Bias at the ABC on gay marriage could engender a silent revolt?

Bias at the ABC on gay marriage could engender a silent revolt? By Caroline Marcus.

It all started when a contact at the ABC forwarded me a memo which had been circulated to all ABC News and Radio staff. The email reminded journalists that some 40 per cent of Australians do not support same-sex marriage and it was the taxpayer-funded broadcaster’s statutory duty to remain impartial on this matter, including across employees’ social media accounts. …

Unsurprisingly, it didn’t take long to find several examples of ABC staff still flagrantly breaching the directive. Hell, in the six hours after the latest memo was sent, ABC News’ own official Facebook page published five posts from the pro-SSM side, one that was neutral and none from the No case.

But the most high-profile of those who’d gone rogue was Emma Alberici, the host of Lateline. Days earlier, she’d begun an interview with Finance Minister Mathias Cormann suggesting party room bickering was endangering vulnerable young gay people. She went on to claim the wider public doesn’t want a plebiscite, although anyone who’s taken even a cursory glance at the polls knows this to be patently false. But it was Alberici’s social media activity which proved most illuminating: she regularly lashes out at defenders of traditional marriage and openly admits she can’t get her head around why some may oppose change. …

Is the gay marriage Australia’s Brexit/Trump moment? Probably not, but there are some commonalities…

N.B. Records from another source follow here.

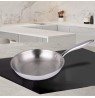 MAESTRO MR-1228-26 HONEYCOMB steel frying pan 26cm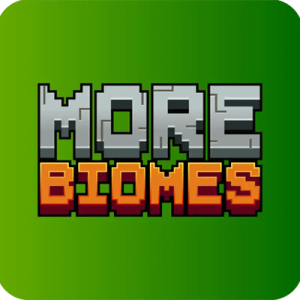 Logo of More Biomes [FORGE] – 1.21 UPDATE! modpack for Minecraft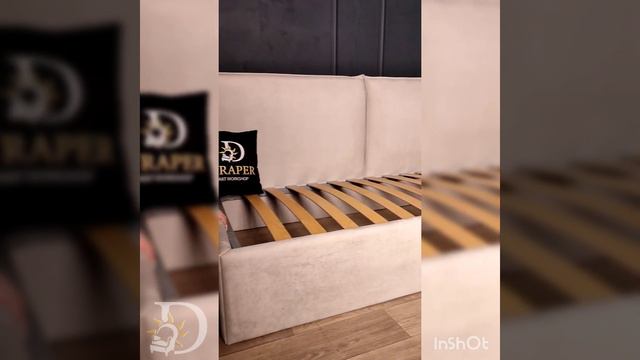 Обзор угловой кровати Plush. #купитькровать #купитьдиван #кроватьназаказ #мягкаямебель #производств смотреть онлайн
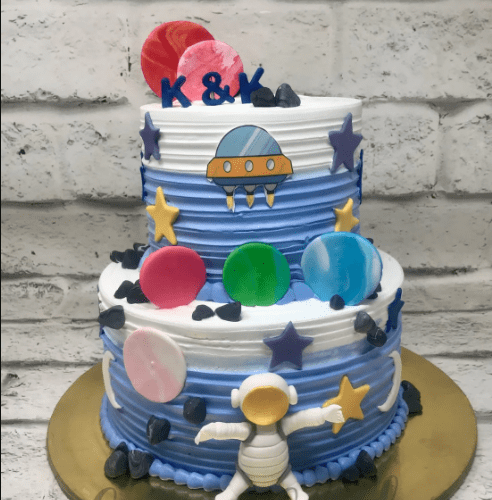 Planet Birthday Cake - CakeCentral.com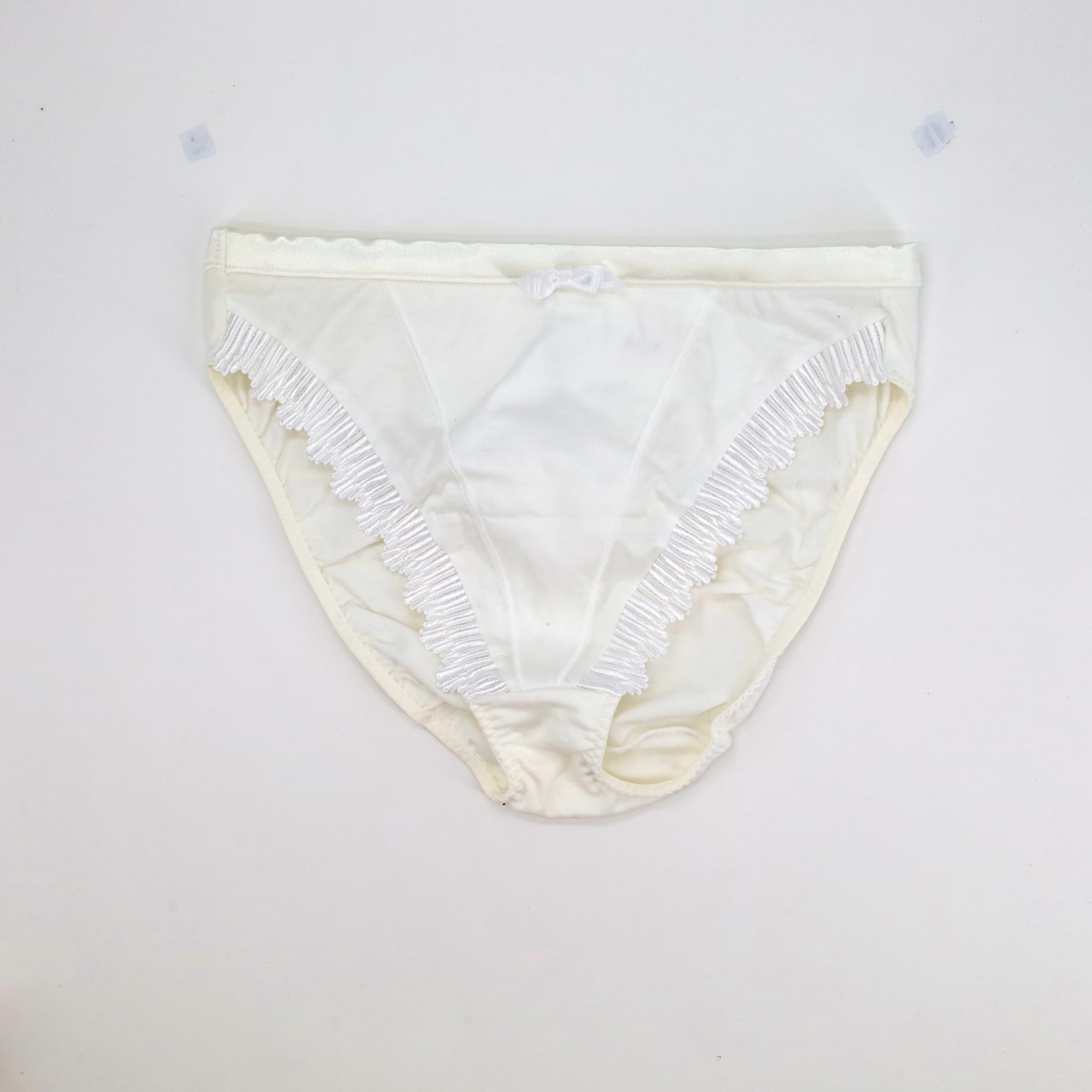 Culotte Maison Lejaby Blanc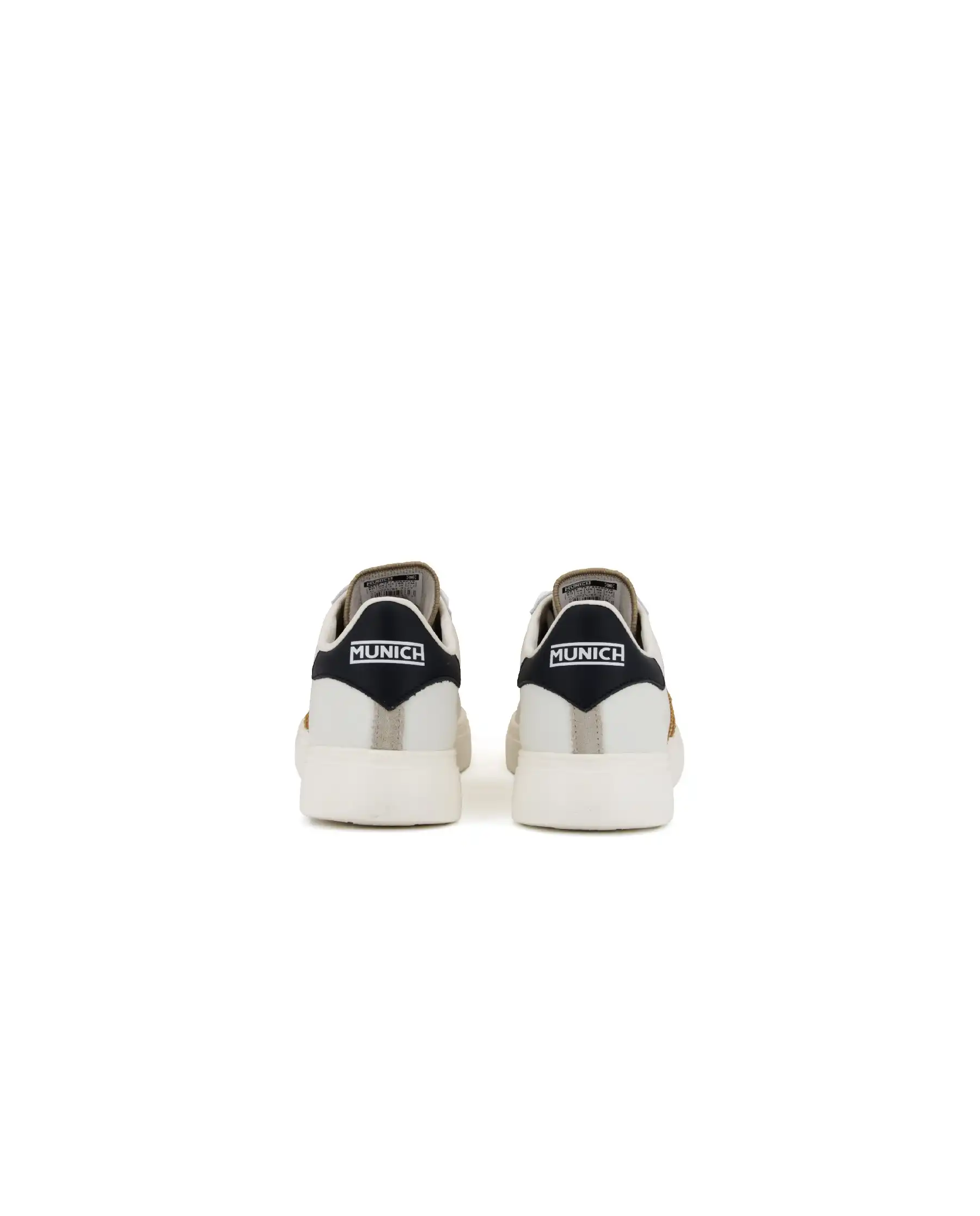 MUNICH MUNICH SNEAKERS RETE BIANCO BIANCO
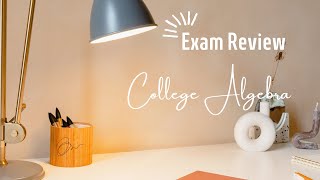 College Algebra - Exam 2 Review- Video 4, Finding Zeros of a polynomial-Synthetic division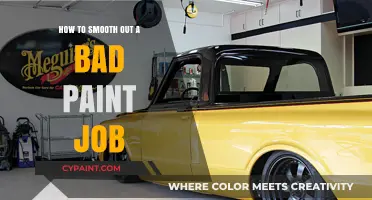 Fixing Flaws: Expert Tips to Smooth Out a Bad Paint Job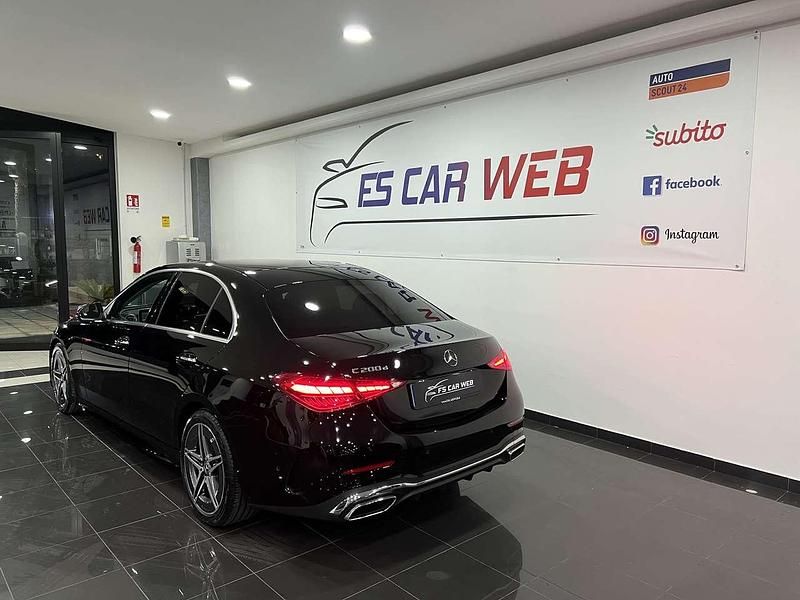 Occasion Mercedes C200 Premium Plus 163 ch (119 kW) 2023 Noir Berline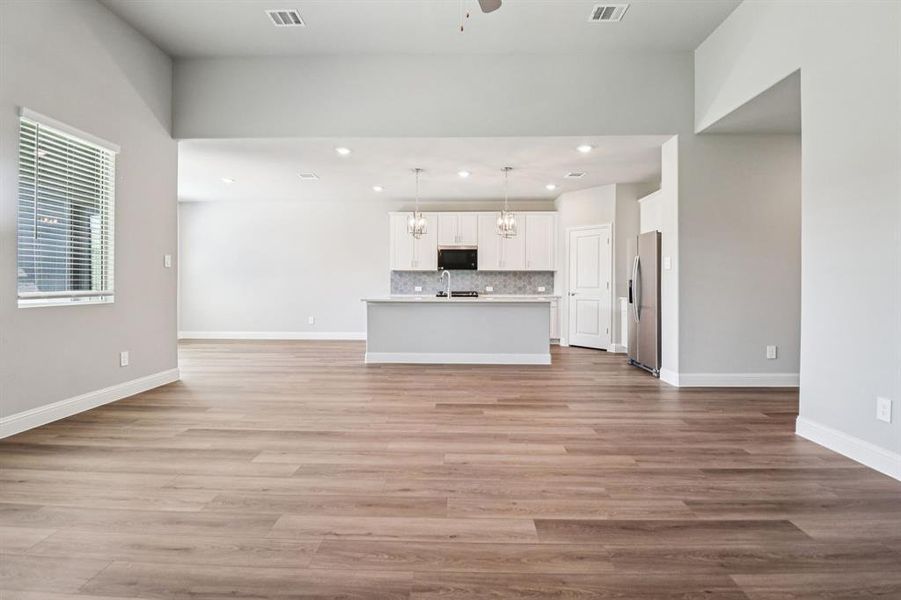 Spacious, unfurnished interior of a new home in Lakehaven - Premier Series, Farmersville (Image 30). Spacious, unfurnished interior of a new home in Lakehaven - Premier Series, Farmersville (Image 30).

Certainly, the arrogance in some sections of the mainstream media about assured victory and moral superiority, coupled with the taunting of those opposed to change as deplorable, were eerily familiar. I watched one openly gay friend post on his private Facebook page that he was abstaining from the plebiscite because he was personally against same-sex marriage. He was so viciously attacked by his own so-called friends, he deleted the post.

I made it clear from the start I was sympathetic to gay marriage, to the point of mentally planning my wedding guest outfits, but went on to point out that some Yes campaigners’ strategy of intimidation and suppression of other views would almost certainly push not just the undecided away, but many inclined to be supportive, too. …

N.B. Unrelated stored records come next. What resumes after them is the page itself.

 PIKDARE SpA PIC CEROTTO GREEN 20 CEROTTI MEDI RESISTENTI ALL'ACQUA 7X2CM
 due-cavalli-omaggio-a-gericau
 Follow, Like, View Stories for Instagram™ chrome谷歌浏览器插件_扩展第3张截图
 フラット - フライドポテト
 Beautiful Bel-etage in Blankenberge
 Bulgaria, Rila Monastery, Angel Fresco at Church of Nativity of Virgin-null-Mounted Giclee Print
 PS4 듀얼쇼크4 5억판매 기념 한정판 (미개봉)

I was well-acquainted with Twitter lynch mobs after years of writing columns, but even I was taken aback by the ferocity of the online attacks that ensued. This was more brutal than the times I’d argued the merits of capital punishment, written in support of Israel and taken on bloodthirsty jihadists put together. …

There’ll always be a special place in my heart for the brave soul who trawled through my Instagram feed to find a photograph of my baby nephew under which he could comment: ‘hope he’s not gay’. A casual observer could be forgiven for thinking I’d argued homosexuals should be hanged, drawn and quartered at dawn. …

A public shaming by the rainbow thought police is hardly going to dissuade me from speaking out, but you can bet it will make others think twice about expressing their views openly if they don’t conform unequivocally to the groupthink.

All the more reason to suspect we may well see a silent revolt at the postbox.